Fargate or ECS for those.
3. Do you need a specific runtime environment that Lambda doesn't ship?
Lambda has a fixed set of runtimes and a Linux Amazon Linux 2 base. If the workload needs a system library Lambda doesn't have, a custom kernel module, a specific FFmpeg build, or anything that needs a particular Docker base image — you can do this with Lambda container images, but the friction is enough that Fargate or ECS is usually the right move.
4. Are you running enough hours per month that "always on" is cheaper than "pay per request"?
This is the only question with real math behind it. The rule of thumb on my team: if a service runs more than about 40% of the hours in a month, ECS Fargate ends up cheaper than Lambda at typical request rates. Below that, Lambda's per-invocation pricing wins. AWS publishes a calculator; we don't trust it without checking against our own request-pattern data.
Different question: do you need to control instance shape (memory + CPU ratio, GPU access, specific networking) more tightly than Fargate exposes? If yes, ECS on EC2.
The flowchart, in two sentences
If cold-start sensitive or runs > 15 min → not Lambda. If high enough utilization or needs instance control → ECS over Fargate; otherwise Fargate. Else Lambda.
That's it. Four questions, three sentences, one decision.
Where this breaks
The decision tree assumes you're already inside AWS. If you're greenfield and could go to a different cloud, that's a bigger conversation. The tree also assumes the workload is a service — for batch workloads, AWS Batch is the obvious answer and isn't in the tree because the question doesn't come up the same way.
It also doesn't address EKS. We use EKS at our company for the workloads where Kubernetes is a hard requirement from elsewhere in the org. That's a different decision than the compute one. If you're standing up a new service and asking "should I use Kubernetes" without an external constraint forcing the answer, the answer is no.

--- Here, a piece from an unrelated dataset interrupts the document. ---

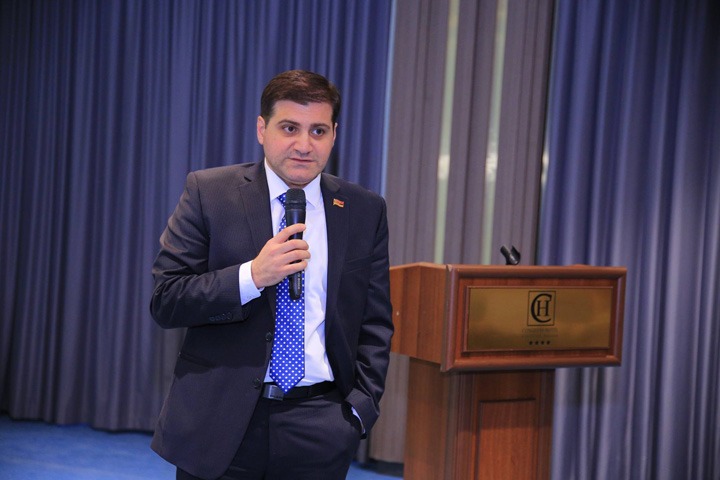 Արման Բաբաջանյանը լքում է «Լուսավոր Հայաստան» խմբակցությունը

The meeting that doesn't happen anymore
The point of the tree isn't that I think compute decisions are simple. It's that they're not the most expensive decision in the architecture, and they deserve five minutes of room, not forty.
Our team's architecture reviews are now back to spending the bulk of the hour on the actual hard parts — data model, failure modes, observability — instead of relitigating Lambda vs ECS for the fifth time this quarter.
Print the tree. Tape it to the conference room wall. Get the time back.